As a general matter, a Chapter 7 bankruptcy proceeding discharges only the debtor’s personal liability on his debts; it does not usually void a secured creditor’s right to foreclose on the property securing that creditor’s claim. This means that, in the case of a mortgage loan, the lender’s lien remains on the real estate until any foreclosure sale is conducted, even though the debtor’s obligation on the underlying promissory note has been discharged. In some cases, Chapter 7 debtors have no equity in their houses because the houses are worth less than the amounts outstanding on the mortgage loans they secure. In such cases, and because the house has little current value, the bankruptcy trustee may return the house to the debtor because sale of the property would not generate any proceeds to pay creditors besides the lender. The mortgage lender, in turn, may decide not to foreclose immediately, and instead wait to see whether the property increases in value in the future.
The question presented in the Caulkett and Toledo-Cardona cases is whether, when a first mortgage on a Chapter 7 debtor’s house exceeds the value of the property so that a second mortgage on the same house is completely “under water,” the debtor is permitted not only to discharge his personal liability for the second mortgage loan, but also to “strip off” the lien itself so that the second mortgage-holder has no right to foreclose on the property even if the property later increases in value.
In 1992, in a case captioned Dewsnup v. Timm, 502 U.S. 410 (1992), the Supreme Court ruled that Section 506(d) of the Bankruptcy Code does not permit a Chapter 7 debtor to reduce a secured creditor’s lien down to the value of the collateral securing that creditor’s claim. Dewsnup addressed what is commonly called a “strip down” in the situation where the creditor’s mortgage was only partially, and not totally, under water. Over the last two decades, most courts have ruled that the language and logic of Dewsnup also prohibit “strip offs” in situations in which a mortgage is completely under water (often because a senior lien exceeds the value of the subject property).
The United States Court of Appeals for the Eleventh Circuit (which covers the states of Alabama, Florida, and Georgia), has, however, reached the opposite conclusion and held that Dewsnup’s reasoning does not govern strip offs. The Caulkett and Toledo-Cardona cases arise from bankruptcy courts within the Eleventh Circuit. In each case, the Chapter 7 debtor filed a motion to strip off Bank of America’s junior mortgage lien under Section 506(d). Those motions were allowed pursuant to binding Eleventh Circuit precedent.

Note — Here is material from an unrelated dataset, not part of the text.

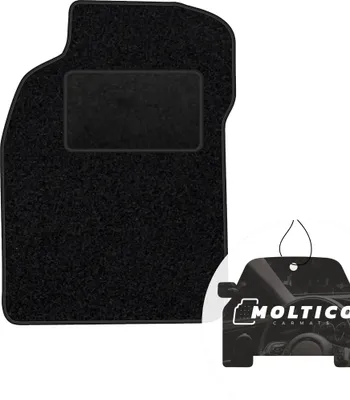 Produktbild von moto-MOLTICO Fahrer Fußmatte Auto Velours Fahrerseite Autoteppiche Schwarz Fahrermatte 1-teilig passend für Nissan Sunny 1990-1995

Because the Eleventh Circuit’s refusal to apply Dewsnup in strip off cases is contrary to decisions rendered by several of its sister Circuit Courts of Appeals, Bank of America successfully petitioned the U.S. Supreme Court to resolve the “circuit split.” The Supreme Court has consolidated the Caulkett and Toledo-Cardona cases. Bank of America has recently filed its brief, and the respondents’ briefs are due in mid-February. Oral argument has not yet been scheduled. Fitch Law Partners LLP will continue to monitor the cases as they progress.